Supplied information:

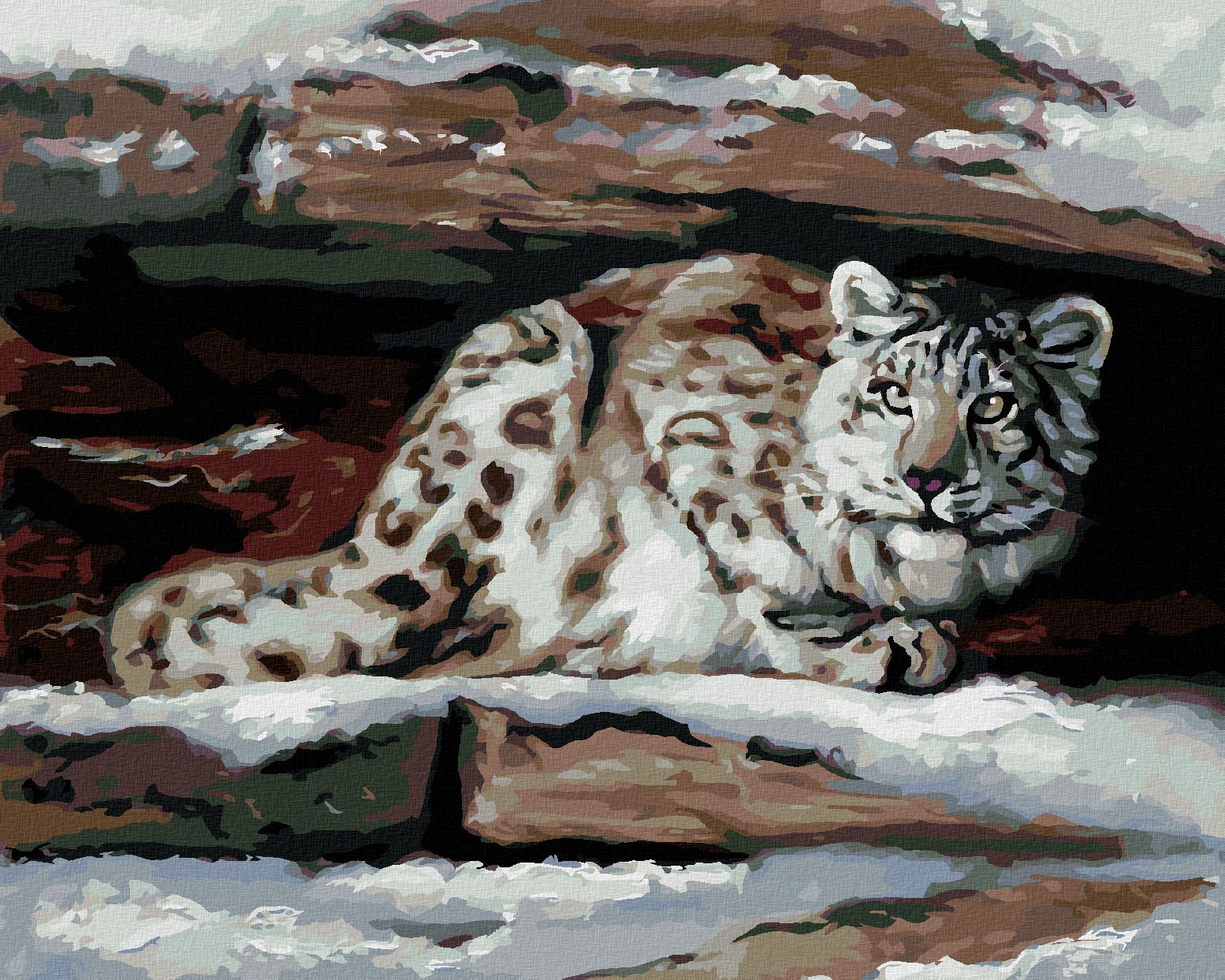 zuty Malování podle čísel - SNĚŽNÝ LEOPARD V ÚKRYTU (D. RUSTY RUST) - Rozměr: 40x50 cm, Rámování: Varianta: bez rámu a bez vypnutí plátna - obrázek 1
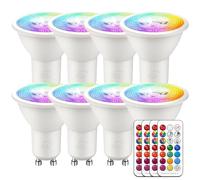 iLC GU10 LED Light Bulbs Colour Changing 12 Colors 5W Warm White 2700K RGB LED Spot Light Bulb with Remote Control, 40 Watt Equivalent (Pack of 8)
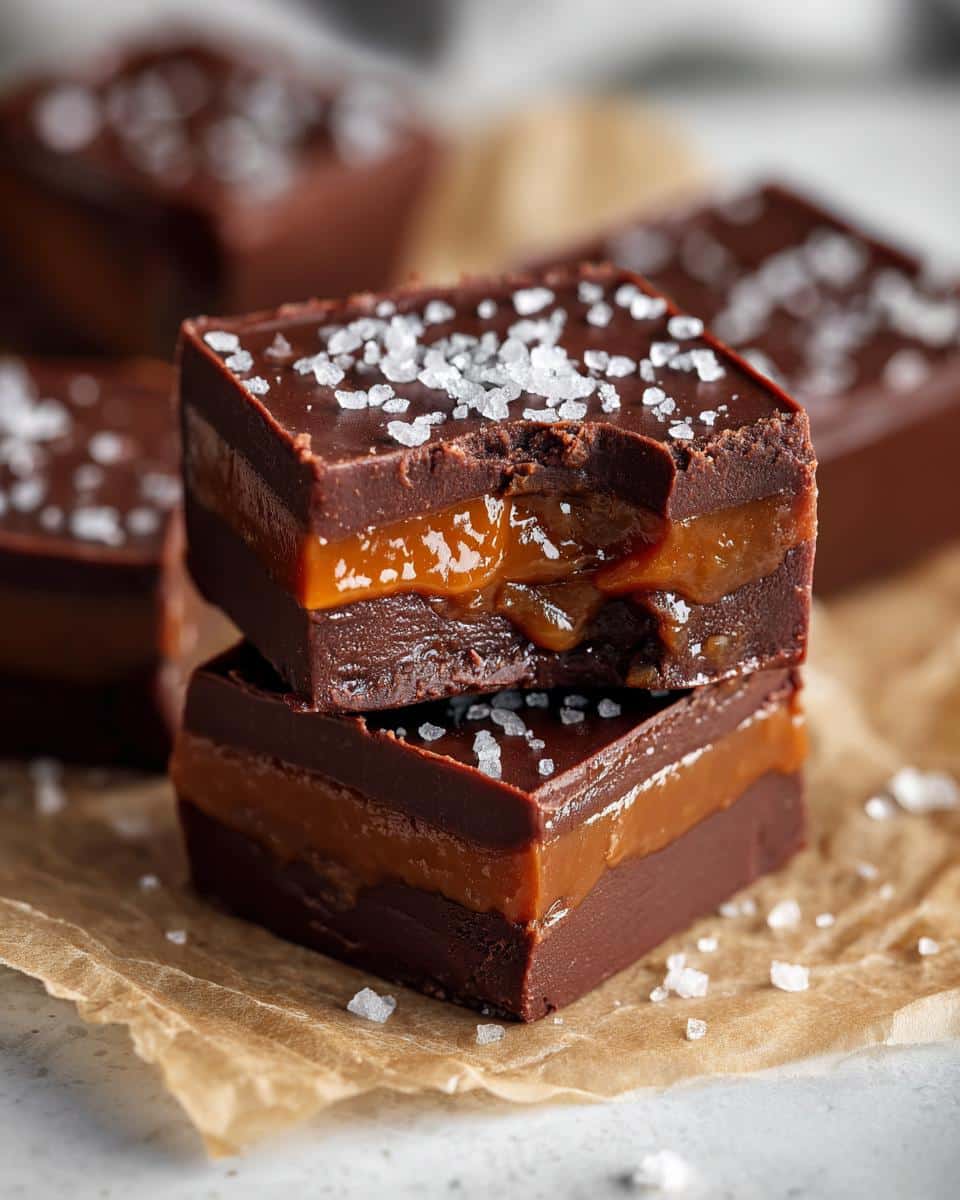Close-up of two pieces of Salted Caramel Fudge stacked, showing the rich chocolate and gooey caramel layers, topped with sea salt.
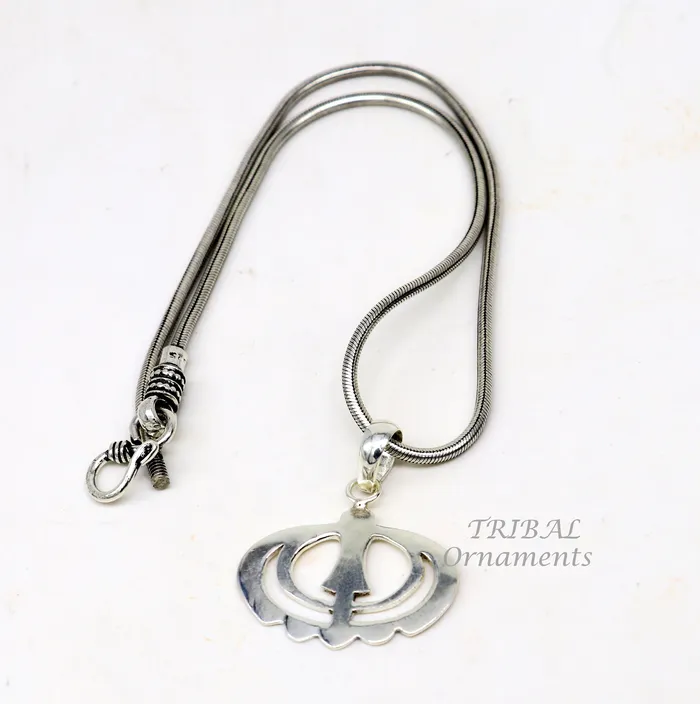 TRIBAL ORNAMENTS Necklaces 925 sterling silver handmade design holy khalsa Waheguru pendant sikha Sardar symbol pendant best blessing pendant from india nsp511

Work task: Your copy should match the data exactly, apart from the images, which are dropped.

Exercise answer:
 zuty Malování podle čísel - SNĚŽNÝ LEOPARD V ÚKRYTU (D. RUSTY RUST) - Rozměr: 40x50 cm, Rámování: Varianta: bez rámu a bez vypnutí plátna - obrázek 1
 iLC GU10 LED Light Bulbs Colour Changing 12 Colors 5W Warm White 2700K RGB LED Spot Light Bulb with Remote Control, 40 Watt Equivalent (Pack of 8)
Close-up of two pieces of Salted Caramel Fudge stacked, showing the rich chocolate and gooey caramel layers, topped with sea salt.
 TRIBAL ORNAMENTS Necklaces 925 sterling silver handmade design holy khalsa Waheguru pendant sikha Sardar symbol pendant best blessing pendant from india nsp511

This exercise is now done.